LONDON — To gauge the health of the environment, look to the butterfly.

The delicate, colorful insects that help to pollinate many an English garden may not live very long (the monarch butterfly has a life span of two to six weeks), but knowing how well their colonies are faring and how many are flitting around can be crucial indicators of a calamitous or a thriving environment.

That’s where the Big Butterfly Count in Britain comes in.

The call has gone out for legions of volunteers to join the campaign, which runs from Friday to Aug. 12, and submit their sightings of butterflies and day-flying moths.

The effort, called the world’s biggest butterfly survey, has the backing of British broadcaster and naturalist David Attenborough, who is also the president of Butterfly Conservation, the charity that organizes the effort. Attenborough told the BBC that watching butterflies in his garden takes his mind off “the woes of Brexit,” referring to Britain’s contentious exit from the European Union.

The survey began in 2010, and last year, a record 60,000 people turned in 62,500 counts of butterflies and day-flying moths from across the United Kingdom, according to Butterfly Conservation, which describes the effort as the largest butterfly count in the world.

The survey is particularly important amid increasingly unpredictable and extreme weather across the planet, including wildfires inside the Arctic Circle and deadly heat waves in nations like India. Those phenomena can have a ripple effect on the health and population of butterflies, scientists say.
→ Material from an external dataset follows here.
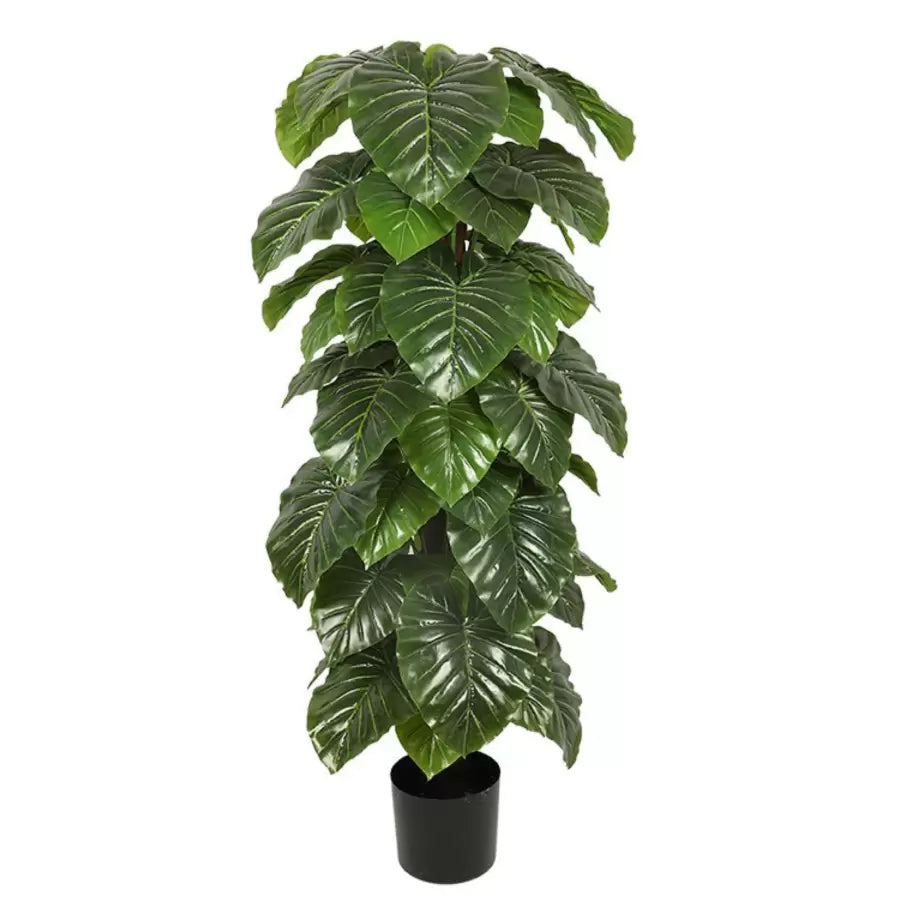 Pianta Artificiale Filodendro, Senza Vaso 140cm Verde Titolo predefinito Alessandro Design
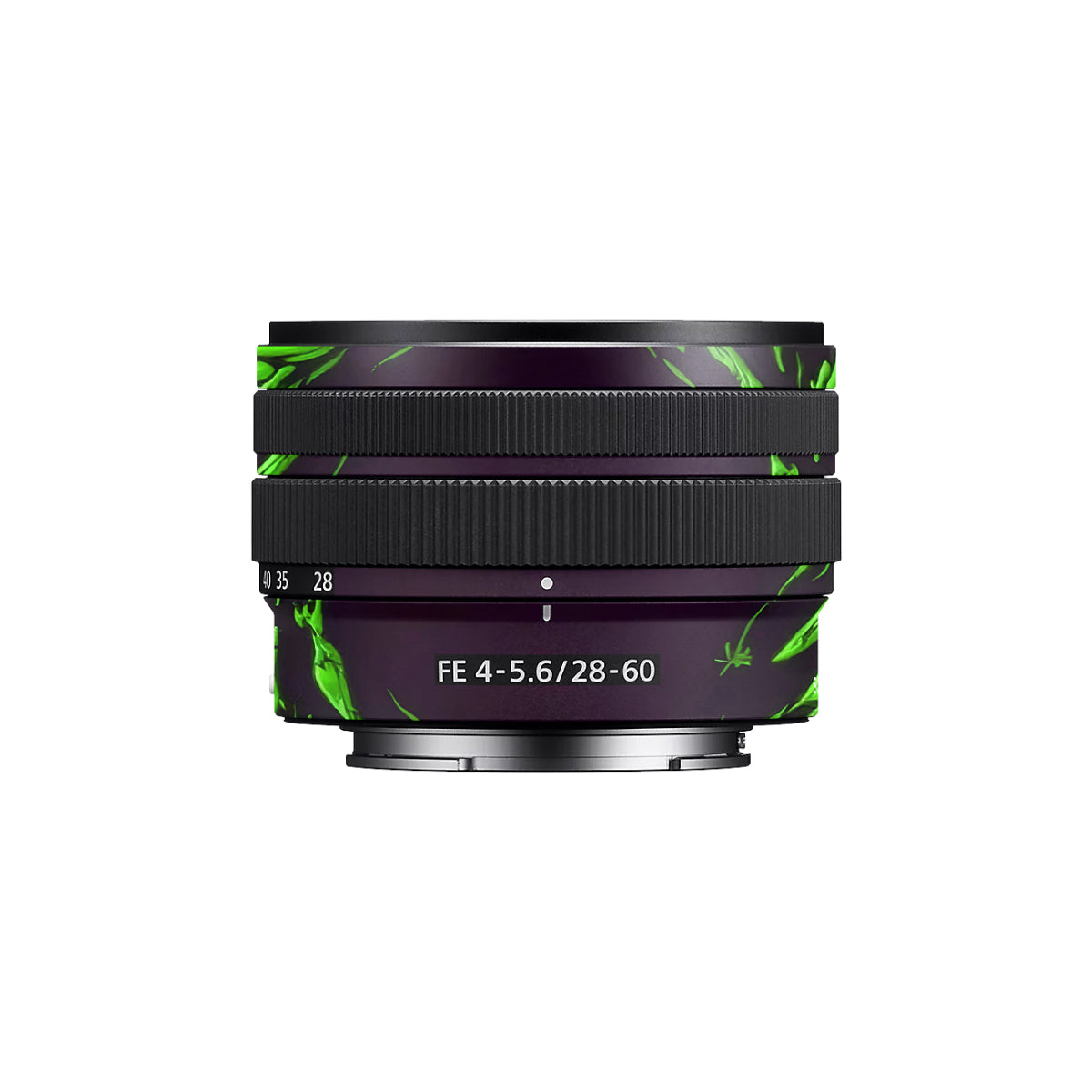 Venom Green Sony FE 28-60mm F/4-5.6 Camera Lens Skin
Volunteers in the big count need spend only 15 minutes in a garden, park or wood counting butterflies and moths before submitting their figures to help chart the insects’ abundance. The campaign provides a chart to turn in information, and free iOS and Android apps to record the data.

Anxiety over pollinating insects has been an issue in the United States, too. A decade ago, a condition known as colony collapse disorder caused a rapid and mysterious decline in honeybee numbers.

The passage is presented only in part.